Over the next 14 years, Kerrigan passed through Boston, Philadelphia and New York with mixed results. For every admirer who hailed him for his preparation and brilliant baseball mind, there was a corresponding critic who regarded him as stubborn, heavy-handed or, worst of all, a condescending know-it-all.

After Kerrigan clashed with Brett Myers, Randy Wolf and Kevin Millwood to hasten his departure from the Phillies, a Philadelphia reporter wrote that he had devolved from the "The Professor'' to "Joe Almighty'' in his two seasons with the club.

"Joe is intense, passionate, driven, knowledgeable and not afraid to share his opinion,'' Huntington said. "There are times when guys don't want to hear opinions about their performance and what they need to do to get better. But in our situation, we needed somebody to come in here that had a proven track record and could help us get better. We thought that Joe was that guy.''

If Pittsburgh's young pitchers were at all dubious, they only needed to embrace reality. When your franchise hasn't finished .500 since 1992, it's not as though you have a right to be choosy.

"We weren't good last year, so we're very open to hearing new information and new criticisms,'' Zach Duke said. "And we're willing to work to get better.''

While April has brought surprising starts in Seattle and Toronto, another upbeat story is taking shape in Pittsburgh. True, it's only three weeks, but the Pirates are 11-8 despite a slew of early injuries. They rank second in the major leagues with a 3.36 ERA even after a bullpen implosion ruined a comeback bid in a 10-5 loss to Milwaukee on Monday.

This is precisely the synergy that Huntington was hoping for when he plucked Kerrigan from his role as a studio analyst with Comcast SportsNet in Philadelphia to mentor Pittsburgh's young pitchers.

The Pirates staff ranked 28th or worse in the majors in numerous categories last year -- from ERA (5.08) to batting average against (.286) to quality starts -- and from day one Kerrigan preached the importance of pitching inside and working ahead in the count.

But he also customized the game plan for each starter. Kerrigan suggested a mechanical adjustment that allowed Duke, a lefty, to pound the inner half of the plate with his fastball against right-handed hitters. He also suggested ways for Duke to maintain his focus so he could avoid the big innings that haunted him in 2008.

Ross Ohlendorf's mandate was to develop more consistency with his breaking ball. Ian Snell focused on changing speeds, and Jeff Karstens received a tweak to add deception to his delivery. As for Paul Maholm, he posted a 3.11 ERA after June, so there wasn't much room to nitpick.

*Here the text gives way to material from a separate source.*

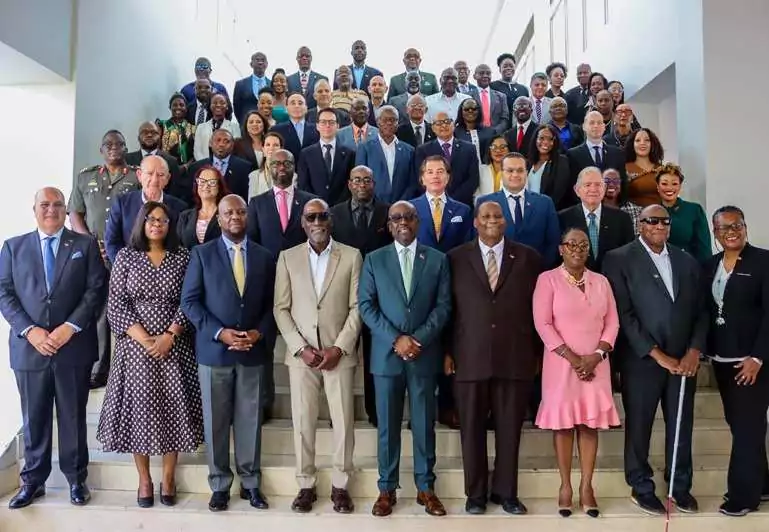 Government to Table List of Diplomatic Appointees in Parliament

Are the Pittsburgh starters going to perform at this level all season? Skepticism abounds. But with all the disappointment the Pirates have endured in building a staff, even a short-term mirage is welcome.

The Pirates have invested heavily in pitching through the draft over the past decade. But former first-round picks Clinton Johnston, Bobby Bradley, Bryan Bullington and John Van Benschoten are mere memories now, and Sean Burnett has a 6-7 career record as a Pirate and is now pitching in the team's bullpen.

Things looked promising two years ago when Tom Gorzelanny and Snell both posted sub-4.00 ERAs in 200-plus innings of work. But Snell has been a monument to inconsistency since then, and Gorzelanny was a disaster last season. He showed up at spring training out of shape and seemingly convinced that he had arrived, and the Pirates gave him a wake-up call with a demotion to Triple-A Indianapolis.

The Pirates say Gorzelanny has shown better commitment this year, but when he pitched poorly in the Grapefruit League, they sent him back to the International League with a directive to start pounding the strike zone with hard stuff instead of pitching "backwards'' and working off his changeup.

"We saw early signs in spring training he kind of went into that 'survival mode' again, so we decided we needed to take a drastic step to get him out of it,'' Huntington said. "To be truthful, we need this guy to be good again if we're going to get where we want to get. He's going to have to be an asset for us.''

When Gorzelanny returns -- and the Pirates expect him back at some point this season -- he'll join a group of pitchers who've endured their share of career setbacks and upheaval. Snell is an undersized former 26th-round pick, and Ohlendorf and Karstens both came over from the Yankees as part of the Xavier Nady-Damaso Marte trade in July.

Maholm, a first-round pick out of Mississippi State in 2003, suffered a broken nose and a fractured orbital bone around his right eye when he was hit by a line drive in 2004. In hindsight, Maholm now says it took him about three seasons to get completely comfortable with his delivery again. When reporters describe Maholm as reliable to the point of "boring,'' he takes it as a compliment.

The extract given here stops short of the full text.